From: Lee Schermerhorn <Lee.Schermerhorn@hp.com>
To: Peter Zijlstra <a.p.zijlstra@chello.nl>
Cc: linux-mm@kvack.org, akpm@linux-foundation.org, mel@csn.ul.ie,
clameter@sgi.com, riel@redhat.com, balbir@linux.vnet.ibm.com,
andrea@suse.de, eric.whitney@hp.com, npiggin@suse.de
Subject: Re: [PATCH/RFC 3/14] Reclaim Scalability: move isolate_lru_page() to vmscan.c
Date: Mon, 17 Sep 2007 10:11:27 -0400 [thread overview]
Message-ID: <1190038287.5460.30.camel@localhost> (raw)

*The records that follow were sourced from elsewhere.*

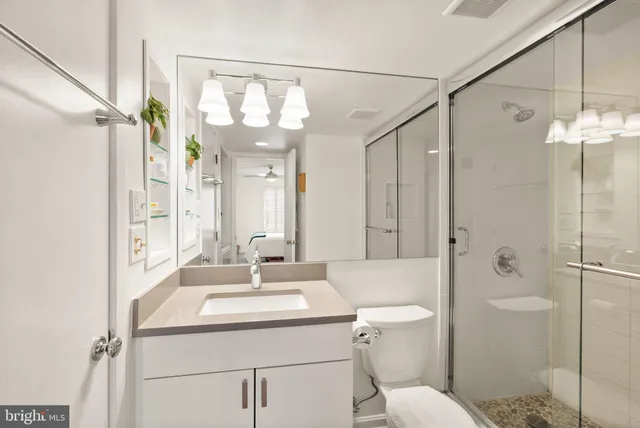 a bathroom with a sink toilet vanity and shower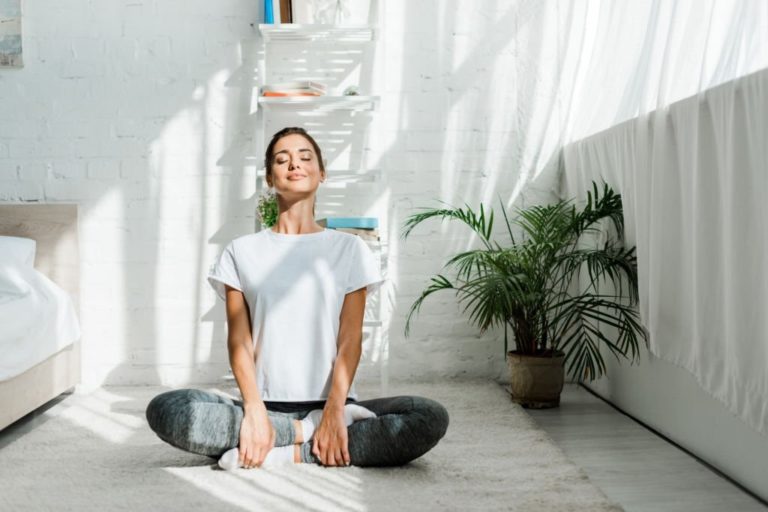 Relaxing closed eyes woman doing yoga at home in Salt Lake City, UT | Santosh Yoga Institute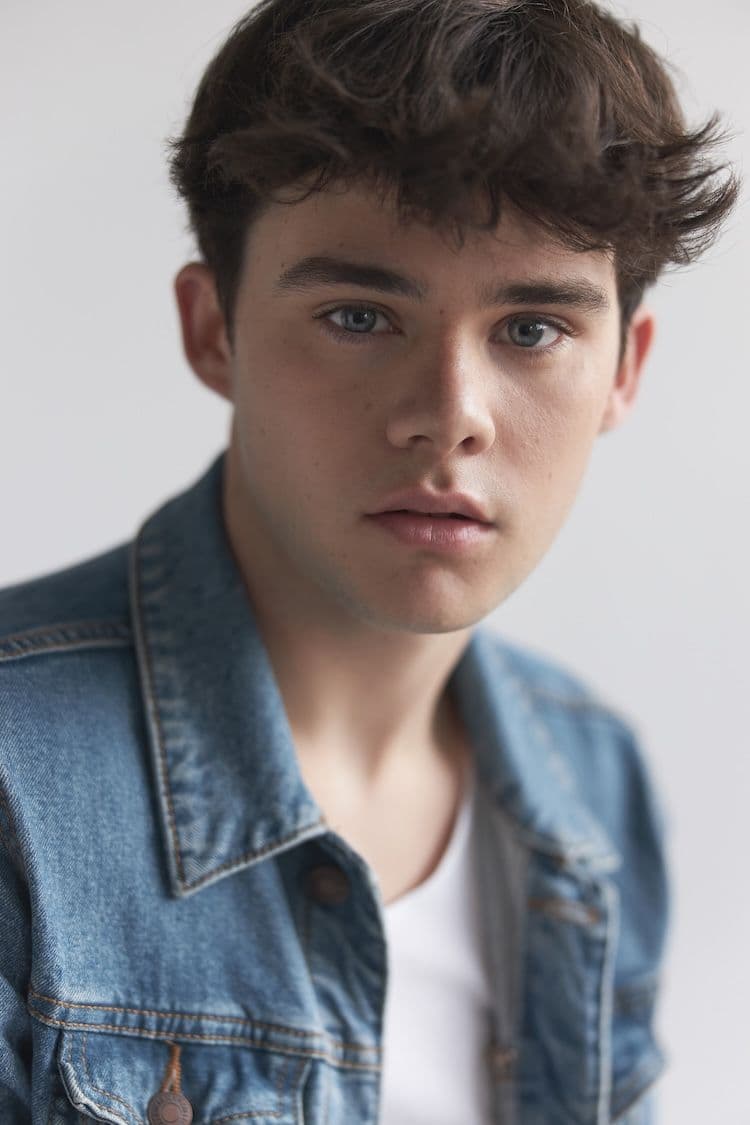 A close-up portrait of actor Ewan Herdman from featuring a young man with messy, textured brown hair and light blue-green eyes looking forward with a neutral expression. He is wearing a blue denim jacket over a white undershirt against a bright, out-of-focus white background.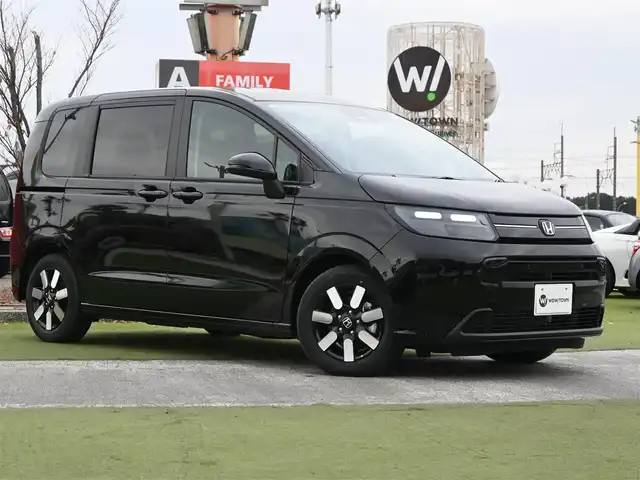 ホンダ フリード ハイブリット e:HEV AIR EX 千葉県 2025(令7)年 0.1千km クリスタルブラックパール ホンダセンシング/・衝突軽減ブレーキ（CMBS）/・車線維持支援システム（LKAS）/・アダプティブクルーズコントロール（ACC）/・ブラインドスポットインフォメーション/・後方誤発進抑制機能/・誤発進抑制機能/両側パワースライドドア/ハーフレザーシート/前席シートヒーター/11.4インチホンダコネクトナビ/地デジTV/【DVD/CD再生機能　Bluetooth接続】/バックカメラ/革巻きステアリング/ステアリングスイッチ/LEDヘッドライト/ウインカーミラー/コーナーセンサー/純正15インチアルミホイル/サイド/カーテンエアバッグ/Honda スマートキー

In-Reply-To: <1189805699.5826.19.camel@lappy>
On Fri, 2007-09-14 at 23:34 +0200, Peter Zijlstra wrote:
> On Fri, 2007-09-14 at 16:54 -0400, Lee Schermerhorn wrote:
>
> > Note that we now have '__isolate_lru_page()', that does
> > something quite different, visible outside of vmscan.c
> > for use with memory controller. Methinks we need to
> > rationalize these names/purposes. --lts
> >
>
> Actually it comes from lumpy reclaim, and does something very similar to
> what this one does.
Sorry. My statement was a bit ambiguous. I meant that the visibility
of __isolate_lru_pages() outside of vmscan.c comes about from the mem
controller patches. Lumpy reclaim did add the "isolation mode" [active,
inactive, both].
> When one looks at the mainline version one could
> write:
>
> int isolate_lru_page(struct page *page, struct list_head *pagelist)
> {
> int ret = -EBUSY;
>
> if (PageLRU(page)) {
> struct zone *zone = page_zone(page);
>
> spin_lock_irq(&zone->lru_lock);
> ret = __isolate_lru_page(page, ISOLATE_BOTH);
> if (!ret) {
> __dec_zone_state(zone, PageActive(page)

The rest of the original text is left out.